Although Toyota’s move Monday will help advance the development of hydrogen fuel cell vehicles, the automaker may not be sacrificing much in making its patents available.
“I don’t think the technology that Toyota has is that groundbreaking,” said David Cole, head of AutoHarvest Foundation, a nonprofit at Wayne State University in Detroit, and chairman emeritus of the Center for Automotive Research. “It’s not a patent issue.”
Instead, the development of cost-effective hydrogen fuel cell vehicles has been stymied by the high cost of research and development, and by a shortage of brainpower necessary to figure out how to make the hydrogen fuel itself more energy dense, and therefore more efficient, Cole said.
This is one reason fiercely competitive automakers are eager to work together on fuel cell technologies. Honda, with its own hydrogen fuel cell car set for 2016, has partnered with General Motors on new fuel cell applications. Both companies lead the industry in fuel cell patents.
And Ford, Renault, Nissan, and Mercedes’ parent company, Daimler, recently agreed to develop fuel cell technologies that all four companies would share.
“It’s historic the amount of collaboration that’s occurring,” Cole said. “If automakers don’t, we’re not going to get down the fuel cell road as far and as fast as we like.”

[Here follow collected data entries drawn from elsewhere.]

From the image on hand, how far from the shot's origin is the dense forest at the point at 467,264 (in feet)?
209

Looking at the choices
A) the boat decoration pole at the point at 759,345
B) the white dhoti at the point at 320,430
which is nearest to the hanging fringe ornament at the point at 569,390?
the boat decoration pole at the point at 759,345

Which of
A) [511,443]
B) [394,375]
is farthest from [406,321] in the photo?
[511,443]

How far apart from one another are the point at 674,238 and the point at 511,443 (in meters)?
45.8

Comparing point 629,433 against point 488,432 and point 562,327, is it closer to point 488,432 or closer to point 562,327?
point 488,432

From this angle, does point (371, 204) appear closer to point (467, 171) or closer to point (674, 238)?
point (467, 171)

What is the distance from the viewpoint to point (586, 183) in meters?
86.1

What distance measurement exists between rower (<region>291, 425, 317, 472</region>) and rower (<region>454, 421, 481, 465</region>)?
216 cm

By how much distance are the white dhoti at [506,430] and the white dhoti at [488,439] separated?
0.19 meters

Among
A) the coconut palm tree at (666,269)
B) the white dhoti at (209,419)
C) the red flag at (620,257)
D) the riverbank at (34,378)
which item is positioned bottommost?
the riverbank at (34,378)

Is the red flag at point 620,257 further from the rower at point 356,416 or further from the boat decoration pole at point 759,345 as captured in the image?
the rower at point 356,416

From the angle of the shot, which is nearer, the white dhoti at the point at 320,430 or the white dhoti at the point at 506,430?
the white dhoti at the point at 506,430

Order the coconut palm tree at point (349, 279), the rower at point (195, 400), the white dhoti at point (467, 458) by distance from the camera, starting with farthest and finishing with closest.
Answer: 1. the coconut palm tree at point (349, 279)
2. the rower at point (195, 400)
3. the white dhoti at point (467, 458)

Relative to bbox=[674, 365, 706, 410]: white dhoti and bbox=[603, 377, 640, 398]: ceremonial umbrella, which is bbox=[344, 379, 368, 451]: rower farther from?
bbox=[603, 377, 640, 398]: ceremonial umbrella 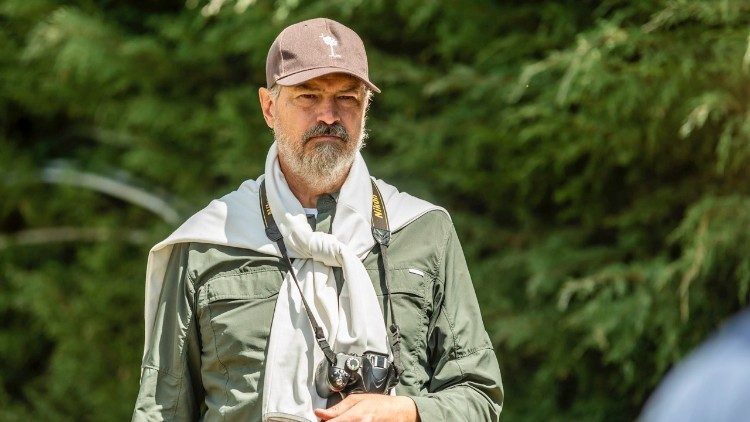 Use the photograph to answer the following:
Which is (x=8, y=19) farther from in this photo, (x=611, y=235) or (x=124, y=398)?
(x=611, y=235)

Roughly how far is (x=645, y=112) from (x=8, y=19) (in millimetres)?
3945

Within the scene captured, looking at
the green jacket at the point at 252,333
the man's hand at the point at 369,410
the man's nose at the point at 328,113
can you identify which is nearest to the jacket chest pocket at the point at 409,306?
the green jacket at the point at 252,333

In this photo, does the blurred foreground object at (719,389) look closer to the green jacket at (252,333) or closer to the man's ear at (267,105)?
the green jacket at (252,333)

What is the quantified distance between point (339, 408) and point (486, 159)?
2.94 metres

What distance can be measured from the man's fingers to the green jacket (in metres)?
0.16

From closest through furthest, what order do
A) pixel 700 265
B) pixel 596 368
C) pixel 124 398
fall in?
pixel 700 265 → pixel 596 368 → pixel 124 398

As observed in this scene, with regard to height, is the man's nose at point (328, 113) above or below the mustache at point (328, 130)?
above

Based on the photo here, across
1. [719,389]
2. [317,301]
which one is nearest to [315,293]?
[317,301]

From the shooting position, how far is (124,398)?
6.33m

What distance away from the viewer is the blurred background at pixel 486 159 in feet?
Answer: 14.1

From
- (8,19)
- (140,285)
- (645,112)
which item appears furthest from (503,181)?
(8,19)

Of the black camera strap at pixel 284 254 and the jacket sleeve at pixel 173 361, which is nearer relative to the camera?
the black camera strap at pixel 284 254

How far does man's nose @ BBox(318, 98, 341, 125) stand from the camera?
2648 mm

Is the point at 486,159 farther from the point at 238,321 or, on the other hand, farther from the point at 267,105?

Toyota says it’s been developing its fuel cell technology for the last 20 years. But Toyota knows that it can’t sway the industry toward the widespread adoption of hydrogen as a fuel source alone.
“We believe that hydrogen electric will be the primary fuel for the next 100 years,” Carter said. “Now, it’s not going to happen overnight. By eliminating the traditional corporate boundaries, we can speed the metabolism of everyone’s research and development and move into a future of mobility quicker more effecively and more economically.”
Meanwhile, Hyundai has a hydrogen version of its Tucson crossover available for lease, and brands such as Volkswagen, Audi, and BMW have all shown prototypes and concept versions of hydrogen vehicles.
Automakers relish the idea of hydrogen fuel cell vehicles for several reasons. Many consumers still have the psychological “range anxiety” regarding pure electric cars, despite claims by brands selling electric cars that a driver’s typical commute is far shorter than the maximum range.
Fuel cell vehicles have a much longer range -- 300 to 400 miles is typical -- and can refill in a matter of minutes. Yet the smooth, quiet drivetrains of a fuel cell vehicle are very similar to an electric car. The key difference is the power source.
Rather than draw power directly from rechargeable batteries, the electric drivetrain in a hydrogen fuel cell combines hydrogen with oxygen inside a fuel cell, which creates electricity and emits only water vapor as “waste.”
Those clean emissions make fuel cell vehicles zero emissions in the eyes of state and federal governments. This is another reason automakers are drawn to the promise of fuel cells.
By 2025, the state of California wants 1.5 million zero-emission vehicles on the road and 15% of vehicles sold to be zero emission. This includes EVs, plug-in hybrids with limited electric-only ranges, and hydrogen vehicles. (Critics note that the process of manufacturing and distributing hydrogen does create some toxic emissions.)
But limited infrastructure has remained a key hurdle for automakers. At the 2014 L.A. Auto Show in November, VW debuted a version of its upcoming Golf SportWagen that runs on hydrogen.
Yet in launching the concept, the automaker cautioned, “Before the market launch a hydrogen infrastructure would have to be created: Not only a broad network of hydrogen fuel stations, but also the production of the hydrogen itself.”
Currently, California has only 11 hydrogen refueling stations, though some analysts say the total could hit 40 within a year. But Toyota says it’s looking big picture.
“This isn’t a six-month or five-year play,” Carter said. “This is where we see the automobile industry going for the next 100 years.”